» Activity: Copy the material below verbatim from the line with "Esther Bunny 13inch Notebook Pouch, Pattern" to the line with "Onsala Mobilcover Silikonefølelse", both lines included, omitting pictures and every line outside that range.

» Material shown:

——

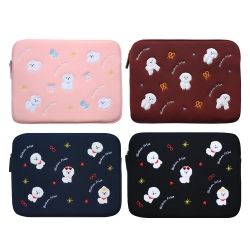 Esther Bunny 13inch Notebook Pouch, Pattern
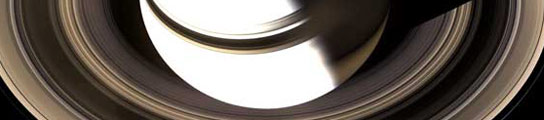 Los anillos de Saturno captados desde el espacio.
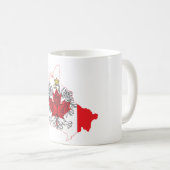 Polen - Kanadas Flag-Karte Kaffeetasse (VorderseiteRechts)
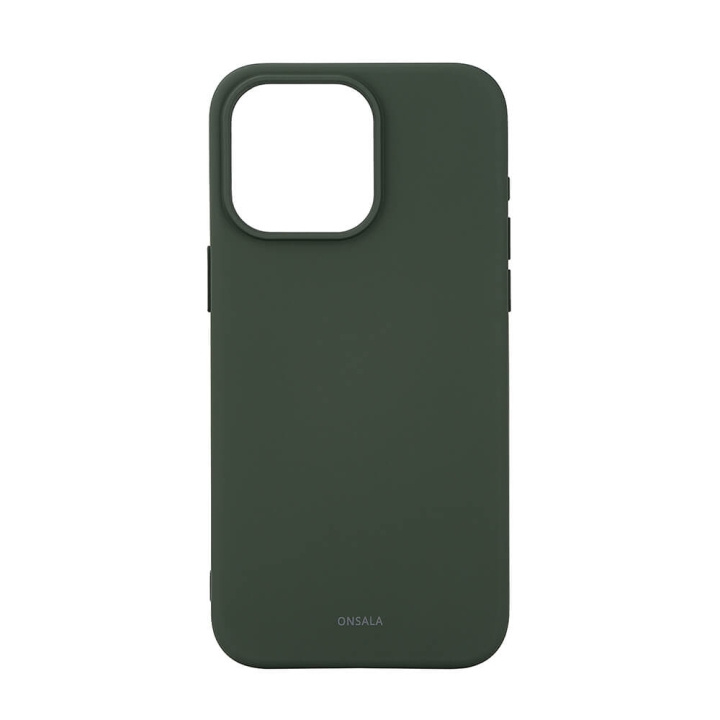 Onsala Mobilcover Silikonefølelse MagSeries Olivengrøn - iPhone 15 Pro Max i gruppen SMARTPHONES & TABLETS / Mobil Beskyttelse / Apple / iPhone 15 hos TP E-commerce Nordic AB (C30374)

——

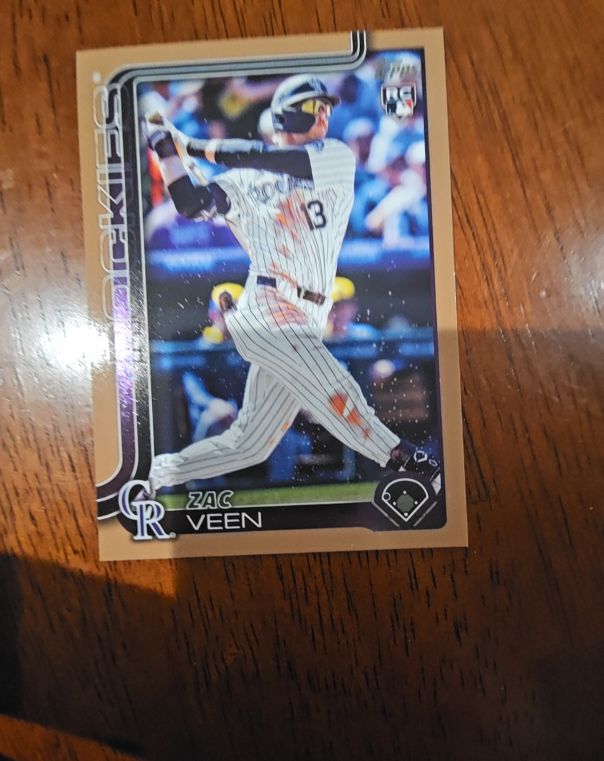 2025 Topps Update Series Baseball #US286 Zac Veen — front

——

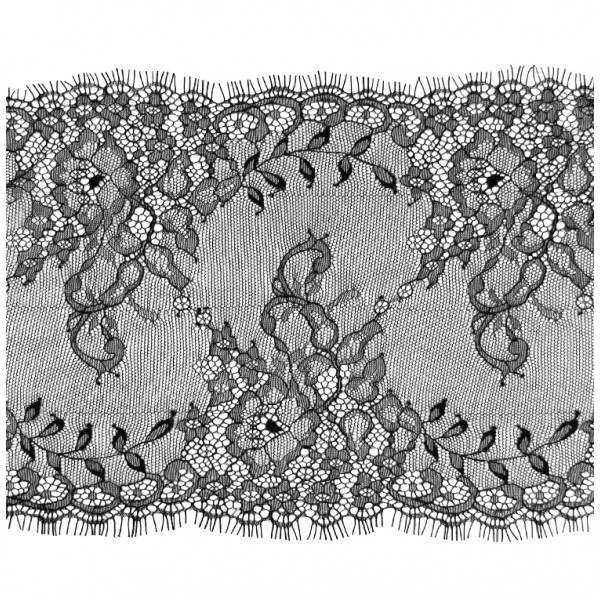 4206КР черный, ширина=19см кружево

——

» Response:
 Esther Bunny 13inch Notebook Pouch, Pattern
 Los anillos de Saturno captados desde el espacio.
 Polen - Kanadas Flag-Karte Kaffeetasse (VorderseiteRechts)
 Onsala Mobilcover Silikonefølelse MagSeries Olivengrøn - iPhone 15 Pro Max i gruppen SMARTPHONES & TABLETS / Mobil Beskyttelse / Apple / iPhone 15 hos TP E-commerce Nordic AB (C30374)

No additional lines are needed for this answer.